Friday, 4 November 2011

Starting your own photography business by creating a BRAND around your name

I was talking to one photographer that other day that basically said that starting a photography business was as easy as buying a camera, renting studio space and then taking bookings from the lines of people hoping that you’ll take their photograph. I asked him how his customers are going to find him and his response was, “I know I am a good photographer and I will just buy keywords on Google.”

Another landscape photographer went into this long dissertation that he was going to apply to be sponsored by a manufacturer, travel the world taking images and sell them to companies in the tourism industry. When I asked this person how he was going to be sponsored, his response, “I know a guy at Nikon and he said he will make an introduction. “

While both goals are admirable, it really is not that easy, never has been, and definitely never will be. As I am sure some of you who are reading this know by now.

So, what is the secret sauce in building a photography business? For me it’s about “branding you, the person” properly. Of course there is the creation of the marketing plans, price sheets, a portfolio, website, joining associations and also networking. Those are the must have’s… you can learn about how to do those on any number of sites. What I want to discuss here is separating your “BRAND” from the hoards of competition out there.

There have been a lot of very talented photographers that have failed in this business; conversely, there are some successful photography businesses that succeeded even though they were not top notch photographers. The difference is that the successful photography business was run by a much more efficient marketer and business person.

Don’t get me wrong, you still need talent, you need to be schooled and you need to invest heavily in this passion. Someone once told me that you need to take more than 25,000 photos before you have learned the basics, another 25,000 to get proficient at taking a quality photo, and another 25,000 to get to the level where you can call yourself an accomplished photographer. I laughed when I heard it, 75,000 photos… “Come On”… but I counted the images on my external hard drives the other day. It was cause for another laugh… “that ole fella knew what he was talking about”, I thought.

I have taken more than 80,000 images and you can see the progression as the years have gone buy. It’s not the number of photographs; it’s the practice and repetition that crafted my skills.

OK, back to the separation of photography skills and business skills. My advice… put your ego and photography aptitude on the shelf for a minute… Let’s discuss business building skills and how to separate the business you from the photographer in you. How we are going to accomplish this is by creating an approachable brand around your name.

The more you give, the more you will receive
Ohhhhhh how I firmly believe this is pinnacle to your long term success. This theme is in almost all my points here.

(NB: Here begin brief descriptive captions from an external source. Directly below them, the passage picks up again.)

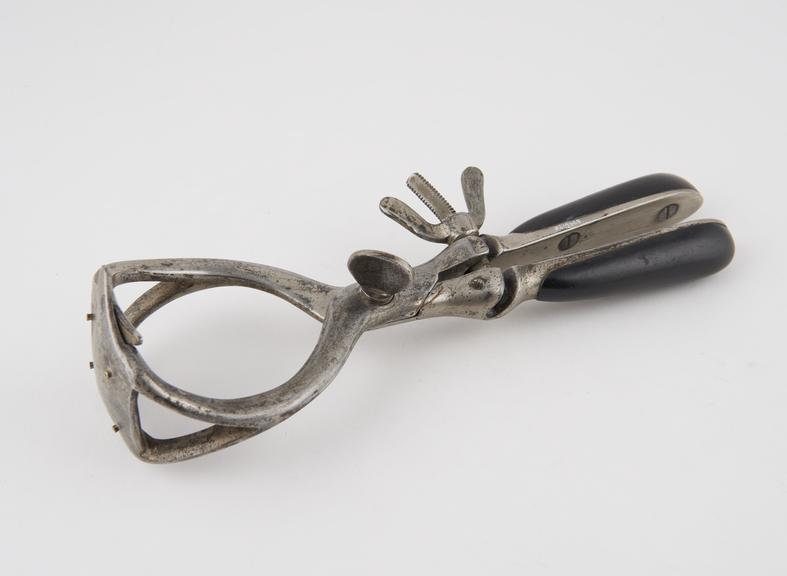 Haemorrhoidal clamp, steel and ebony, by Gardner of Edinburgh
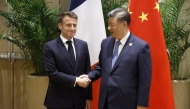 France's President Emmanuel Macron (L) shakes hands with China's President Xi Jinping during a bilateral meeting on the sidelines of the G20 summit in Rio de Janeiro, Brazil, on November 19, 2024. Photo by Ludovic MARIN / AFP.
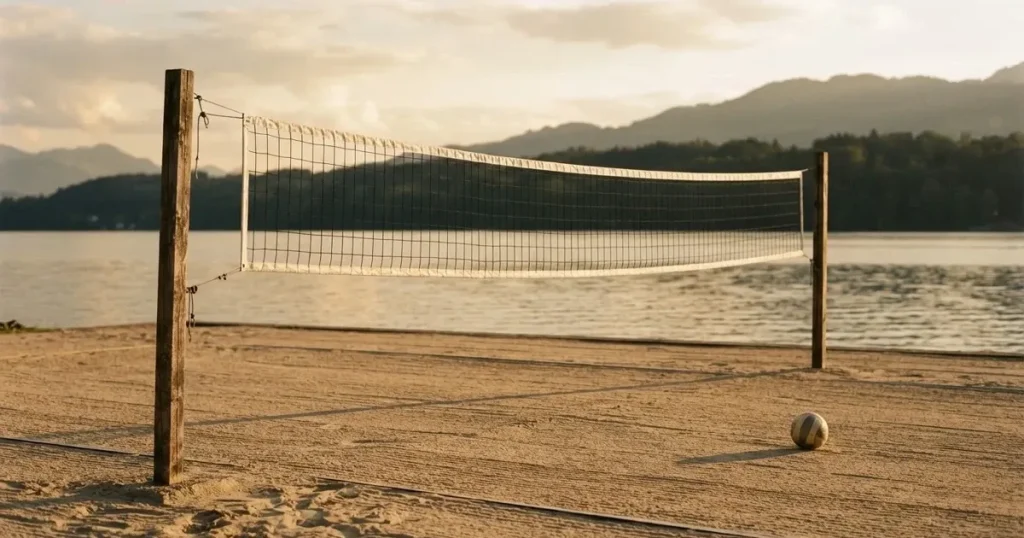Ein Volleyballnetz am Sandstrand eines Sees, späte Nachmittagssonne, das Wasser liegt glatt im Hintergrund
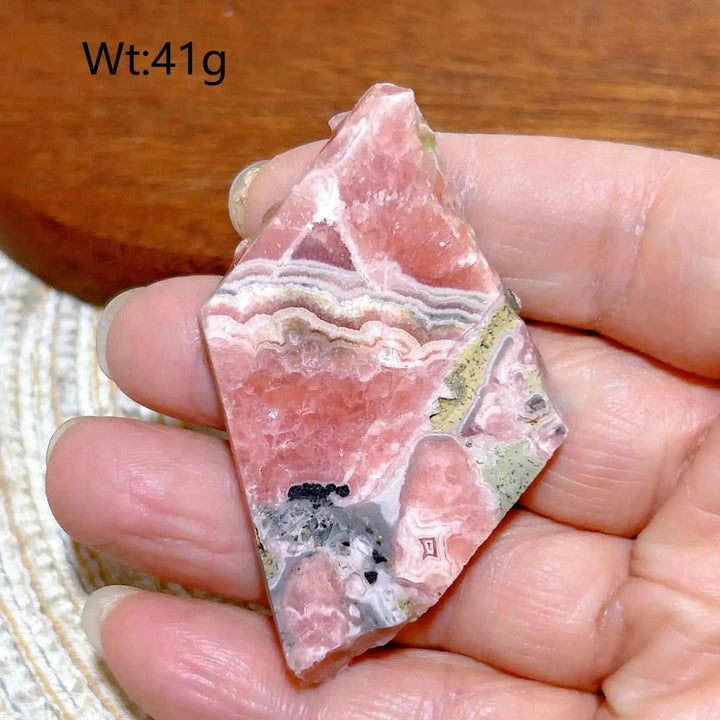 Polished Rhodochrosite raw slab featuring raspberry pink banding and natural edges for heart chakra healing and display.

I am a firm believer in giving of your time and products to create long term sustainable relationships that will help you in the long run. A little goodwill now will pay off in the long run.

Be the recognized expert
Be the person that people know they can come to for answers or ideas. If people start associating you with a genre of photography you will create that top of mind awareness you need… then when they think of a photographer when they want to spend money, you will come to mind first. This isn’t about always being selling… this is about always being helpful, a long term business strategy

Learn from the best
Look at a couple successful photographers. Find out how they got to where they are today… don’t be afraid to ask them. They will give you at least some guidance.

Emulate success; don’t try to reinvent the wheel here… this has been attempted many, MANY times before you, if there was a better way, it would have been tried already… so emulate the people who carved out the path.

Press the flesh
Get out there and meet people, and when you do, give them your business card. When you put a face to a company name it will go a long way and making people remember you.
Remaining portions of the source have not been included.